PROBLEM DESCRIPTION ▸
Wherever pictures appear in the listing below, leave them out, and copy exactly, and only, everything from the line with "Sida y leucemia" down to the line with "Domaine Rességuier - Rue des Vignerons".

=== RECORDS FOR THE EXERCISE ===

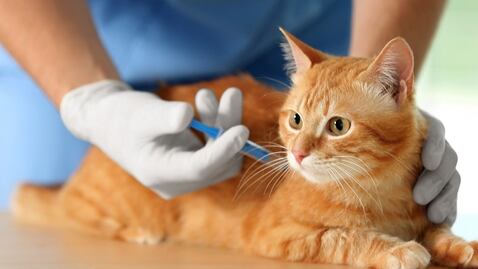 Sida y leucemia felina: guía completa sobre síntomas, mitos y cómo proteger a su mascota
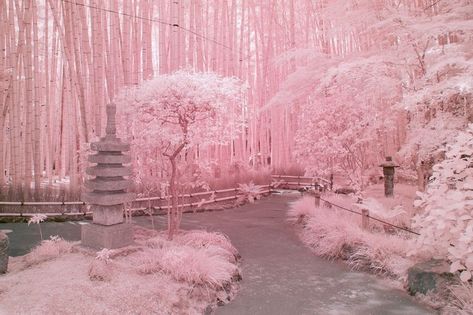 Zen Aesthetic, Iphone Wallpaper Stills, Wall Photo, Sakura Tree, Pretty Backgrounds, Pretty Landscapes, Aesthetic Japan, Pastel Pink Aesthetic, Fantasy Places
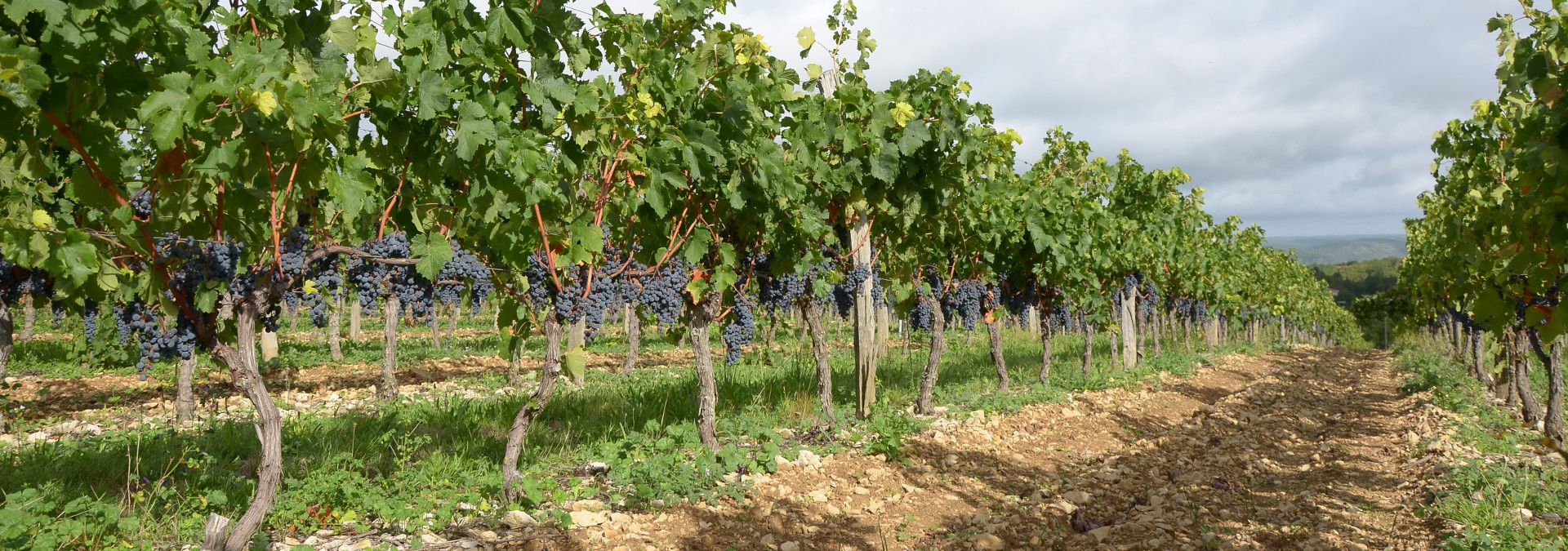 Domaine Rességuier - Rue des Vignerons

===
=== RECORDS FOR THE EXERCISE ===

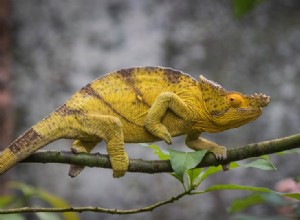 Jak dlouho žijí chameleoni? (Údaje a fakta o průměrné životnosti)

===

ANSWER TO THIS PROBLEM ▸
 Sida y leucemia felina: guía completa sobre síntomas, mitos y cómo proteger a su mascota
 Zen Aesthetic, Iphone Wallpaper Stills, Wall Photo, Sakura Tree, Pretty Backgrounds, Pretty Landscapes, Aesthetic Japan, Pastel Pink Aesthetic, Fantasy Places
 Domaine Rességuier - Rue des Vignerons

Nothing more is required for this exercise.